TOPへ

物忘れ

物忘れが激しい・ひどい

物忘れが激しい・ひどい日常生活で物忘れに気づくことは少なくありません。
朝食の内容が思い出せない、有名な俳優の名前が思い出せない、買い物リストの一つを忘れてしまったなど、これらは健忘と呼ばれ、誰にでも起こりうることであり、通常は病的なものではありません。

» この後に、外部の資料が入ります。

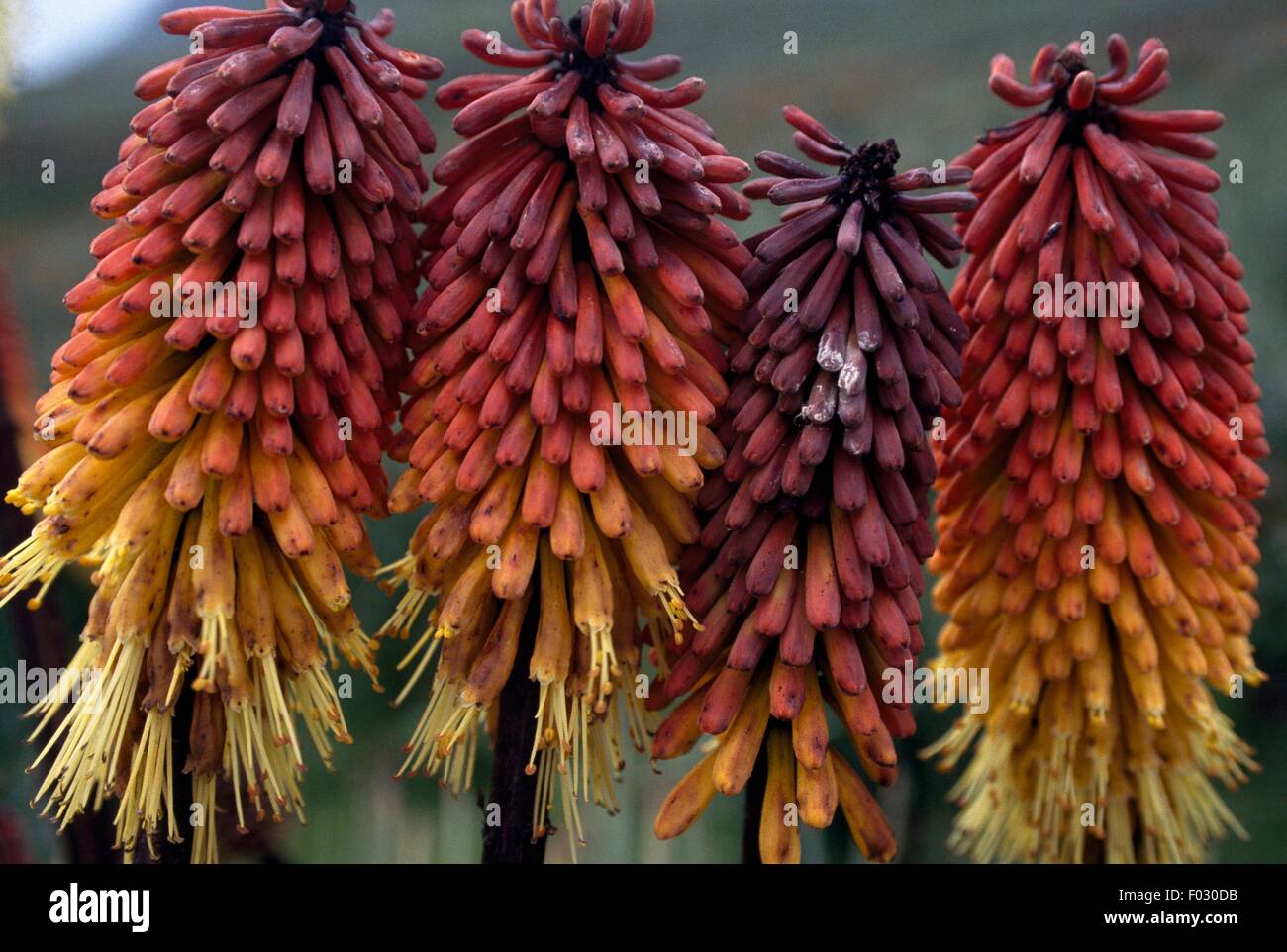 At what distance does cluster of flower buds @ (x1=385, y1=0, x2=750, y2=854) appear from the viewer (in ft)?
6.32

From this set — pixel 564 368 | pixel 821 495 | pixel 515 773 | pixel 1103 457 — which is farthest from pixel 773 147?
pixel 515 773

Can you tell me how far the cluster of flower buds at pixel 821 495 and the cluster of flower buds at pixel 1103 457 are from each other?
0.64ft

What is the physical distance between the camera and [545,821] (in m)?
2.17

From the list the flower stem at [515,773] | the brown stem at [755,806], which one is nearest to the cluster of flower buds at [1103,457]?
the brown stem at [755,806]

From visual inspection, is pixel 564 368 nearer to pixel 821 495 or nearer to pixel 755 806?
pixel 821 495

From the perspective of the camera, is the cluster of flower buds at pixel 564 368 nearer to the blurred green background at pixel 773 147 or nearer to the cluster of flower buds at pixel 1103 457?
the cluster of flower buds at pixel 1103 457

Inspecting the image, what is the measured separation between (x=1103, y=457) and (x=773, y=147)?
3.28m

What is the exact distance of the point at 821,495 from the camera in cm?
204

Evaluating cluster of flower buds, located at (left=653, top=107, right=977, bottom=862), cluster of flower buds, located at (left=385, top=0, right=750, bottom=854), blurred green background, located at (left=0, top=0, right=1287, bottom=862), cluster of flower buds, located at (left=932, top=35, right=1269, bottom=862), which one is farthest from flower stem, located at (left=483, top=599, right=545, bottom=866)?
blurred green background, located at (left=0, top=0, right=1287, bottom=862)

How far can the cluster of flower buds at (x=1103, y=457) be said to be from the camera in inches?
84.4

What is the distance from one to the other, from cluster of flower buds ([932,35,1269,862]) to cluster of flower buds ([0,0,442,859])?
3.46 feet

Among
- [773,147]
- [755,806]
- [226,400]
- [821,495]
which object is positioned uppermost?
[773,147] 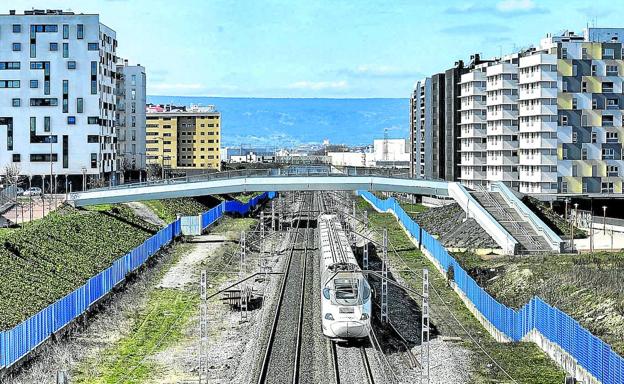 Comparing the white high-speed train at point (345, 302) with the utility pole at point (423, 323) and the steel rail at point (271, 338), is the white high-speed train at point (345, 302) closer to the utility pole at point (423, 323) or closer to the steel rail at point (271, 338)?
the steel rail at point (271, 338)

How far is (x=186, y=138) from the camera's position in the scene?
175m

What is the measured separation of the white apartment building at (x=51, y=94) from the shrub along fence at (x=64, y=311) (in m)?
34.1

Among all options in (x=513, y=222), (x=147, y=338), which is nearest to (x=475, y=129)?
(x=513, y=222)

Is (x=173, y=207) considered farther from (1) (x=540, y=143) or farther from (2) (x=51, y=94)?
(1) (x=540, y=143)

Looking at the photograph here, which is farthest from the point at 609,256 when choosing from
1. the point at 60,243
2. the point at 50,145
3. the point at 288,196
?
the point at 288,196

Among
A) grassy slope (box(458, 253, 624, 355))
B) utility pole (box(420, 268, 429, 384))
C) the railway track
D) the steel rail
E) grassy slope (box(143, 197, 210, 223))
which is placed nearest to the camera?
utility pole (box(420, 268, 429, 384))

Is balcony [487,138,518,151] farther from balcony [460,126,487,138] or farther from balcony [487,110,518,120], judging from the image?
balcony [460,126,487,138]

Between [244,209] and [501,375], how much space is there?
68.6 meters

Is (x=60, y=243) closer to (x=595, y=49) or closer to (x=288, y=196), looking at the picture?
(x=595, y=49)

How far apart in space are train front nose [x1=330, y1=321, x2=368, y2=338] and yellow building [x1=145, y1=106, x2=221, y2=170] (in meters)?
141

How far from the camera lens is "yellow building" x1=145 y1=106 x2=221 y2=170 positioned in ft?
568

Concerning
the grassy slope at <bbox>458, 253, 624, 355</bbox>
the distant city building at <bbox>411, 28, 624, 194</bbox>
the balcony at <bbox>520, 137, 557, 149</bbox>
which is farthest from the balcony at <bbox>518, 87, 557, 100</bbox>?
the grassy slope at <bbox>458, 253, 624, 355</bbox>

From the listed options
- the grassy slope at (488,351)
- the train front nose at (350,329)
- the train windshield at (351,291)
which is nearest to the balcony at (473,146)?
the grassy slope at (488,351)

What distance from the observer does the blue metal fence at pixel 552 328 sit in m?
25.7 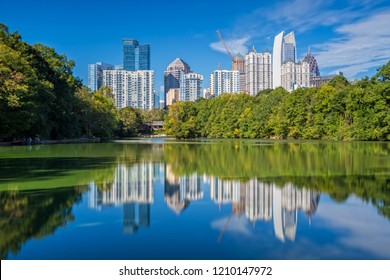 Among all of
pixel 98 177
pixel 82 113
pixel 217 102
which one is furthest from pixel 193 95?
pixel 98 177

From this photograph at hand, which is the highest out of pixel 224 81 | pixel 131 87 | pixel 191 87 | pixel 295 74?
pixel 295 74

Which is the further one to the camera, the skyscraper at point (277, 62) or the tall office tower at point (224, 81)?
the tall office tower at point (224, 81)

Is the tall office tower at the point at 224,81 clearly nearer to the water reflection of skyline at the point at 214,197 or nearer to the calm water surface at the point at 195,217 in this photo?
the water reflection of skyline at the point at 214,197

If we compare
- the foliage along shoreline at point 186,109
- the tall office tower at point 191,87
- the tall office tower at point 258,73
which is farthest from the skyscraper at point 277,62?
the foliage along shoreline at point 186,109

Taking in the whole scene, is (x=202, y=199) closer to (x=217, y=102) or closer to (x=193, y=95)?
(x=217, y=102)

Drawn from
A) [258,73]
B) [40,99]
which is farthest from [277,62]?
[40,99]

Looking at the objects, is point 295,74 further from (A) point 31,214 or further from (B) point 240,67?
(A) point 31,214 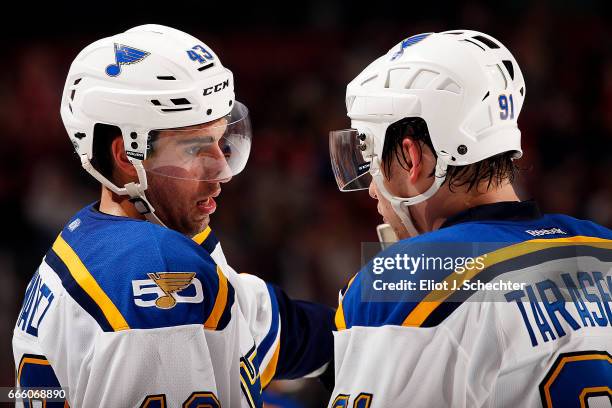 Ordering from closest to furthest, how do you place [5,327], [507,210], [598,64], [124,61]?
[507,210] → [124,61] → [5,327] → [598,64]

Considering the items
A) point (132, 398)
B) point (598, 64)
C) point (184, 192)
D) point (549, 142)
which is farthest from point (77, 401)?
point (598, 64)

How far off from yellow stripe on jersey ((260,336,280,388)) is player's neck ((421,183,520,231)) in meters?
0.96

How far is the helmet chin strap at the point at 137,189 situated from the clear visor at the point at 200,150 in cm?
3

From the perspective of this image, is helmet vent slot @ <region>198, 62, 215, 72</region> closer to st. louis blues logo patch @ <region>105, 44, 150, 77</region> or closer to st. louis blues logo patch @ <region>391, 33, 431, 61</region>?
st. louis blues logo patch @ <region>105, 44, 150, 77</region>

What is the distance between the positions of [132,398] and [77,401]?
19 centimetres

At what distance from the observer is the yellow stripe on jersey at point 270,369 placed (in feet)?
11.4

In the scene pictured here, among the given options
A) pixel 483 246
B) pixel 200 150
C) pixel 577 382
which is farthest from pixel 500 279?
pixel 200 150

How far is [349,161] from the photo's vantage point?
305cm

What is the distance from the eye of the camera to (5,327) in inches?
269

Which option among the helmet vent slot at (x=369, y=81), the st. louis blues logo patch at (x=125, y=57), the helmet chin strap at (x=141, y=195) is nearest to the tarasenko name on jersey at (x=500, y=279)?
the helmet vent slot at (x=369, y=81)

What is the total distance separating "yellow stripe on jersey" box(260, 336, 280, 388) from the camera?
3465 mm

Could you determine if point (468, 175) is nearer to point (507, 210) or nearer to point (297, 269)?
point (507, 210)

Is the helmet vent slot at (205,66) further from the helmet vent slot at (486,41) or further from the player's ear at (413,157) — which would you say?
the helmet vent slot at (486,41)

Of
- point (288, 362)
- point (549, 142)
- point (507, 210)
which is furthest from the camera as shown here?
point (549, 142)
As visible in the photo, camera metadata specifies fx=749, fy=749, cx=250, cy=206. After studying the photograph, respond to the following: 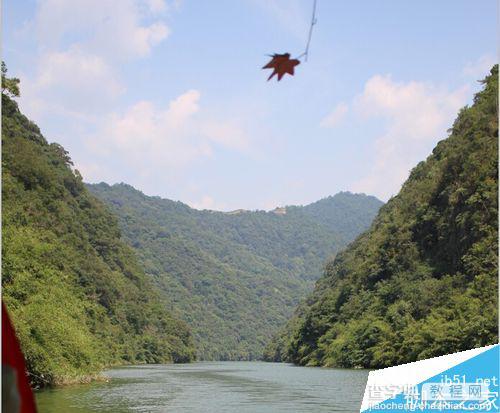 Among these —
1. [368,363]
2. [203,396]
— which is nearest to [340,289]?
[368,363]

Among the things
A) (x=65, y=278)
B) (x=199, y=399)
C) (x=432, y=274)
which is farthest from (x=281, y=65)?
(x=432, y=274)

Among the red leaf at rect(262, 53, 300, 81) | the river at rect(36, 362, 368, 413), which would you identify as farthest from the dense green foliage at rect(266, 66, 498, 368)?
the red leaf at rect(262, 53, 300, 81)

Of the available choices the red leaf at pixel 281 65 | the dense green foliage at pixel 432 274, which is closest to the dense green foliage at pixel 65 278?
the dense green foliage at pixel 432 274

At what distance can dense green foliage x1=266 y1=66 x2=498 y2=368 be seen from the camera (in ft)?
172

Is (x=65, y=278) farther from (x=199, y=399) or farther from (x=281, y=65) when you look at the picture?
(x=281, y=65)

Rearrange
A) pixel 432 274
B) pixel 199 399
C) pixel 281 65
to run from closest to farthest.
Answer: pixel 281 65
pixel 199 399
pixel 432 274

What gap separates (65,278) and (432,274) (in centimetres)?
3171

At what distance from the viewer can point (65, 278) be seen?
182ft

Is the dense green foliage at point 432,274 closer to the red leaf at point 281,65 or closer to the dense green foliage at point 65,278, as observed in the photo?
the dense green foliage at point 65,278

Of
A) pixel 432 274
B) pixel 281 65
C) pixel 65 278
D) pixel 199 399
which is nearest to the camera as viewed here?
pixel 281 65

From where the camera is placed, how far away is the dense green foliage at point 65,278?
109 ft

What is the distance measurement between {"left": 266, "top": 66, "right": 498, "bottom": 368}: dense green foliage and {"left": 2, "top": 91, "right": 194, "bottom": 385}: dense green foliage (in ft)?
74.0

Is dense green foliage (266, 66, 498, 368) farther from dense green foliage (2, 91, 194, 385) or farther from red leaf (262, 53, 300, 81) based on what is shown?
red leaf (262, 53, 300, 81)

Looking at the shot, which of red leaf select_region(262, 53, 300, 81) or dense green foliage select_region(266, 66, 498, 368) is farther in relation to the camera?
dense green foliage select_region(266, 66, 498, 368) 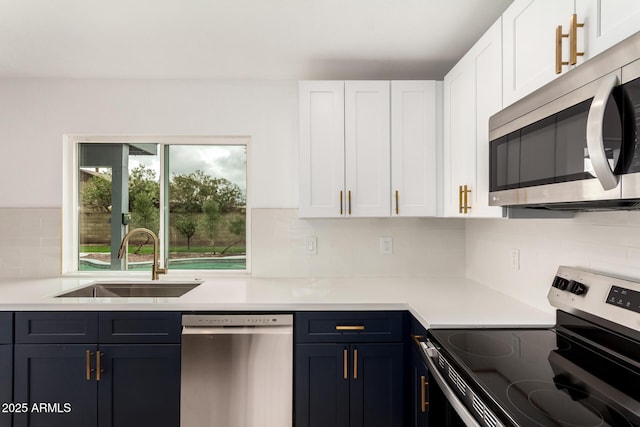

しかし、病的な物忘れは認知症の症状であり、健忘とは根本的に異なります。
最も一般的な認知症であるアルツハイマー型認知症では、物忘れが主要な症状として現れ、特に新しい出来事を記憶することが困難になります。
これは、記憶を司る脳の海馬という器官が萎縮することに起因すると考えられています。
私たちは、見聞きしたこと全てを完璧に覚えているわけではありません。
人の名前が思い出せない、物を置き忘れる、約束を忘れてしまうといった物忘れは、年齢に関係なく誰しもが経験することです。
一般的に、加齢とともに物忘れは徐々に増加します。しかし、認知症の症状として物忘れが現れることもあります。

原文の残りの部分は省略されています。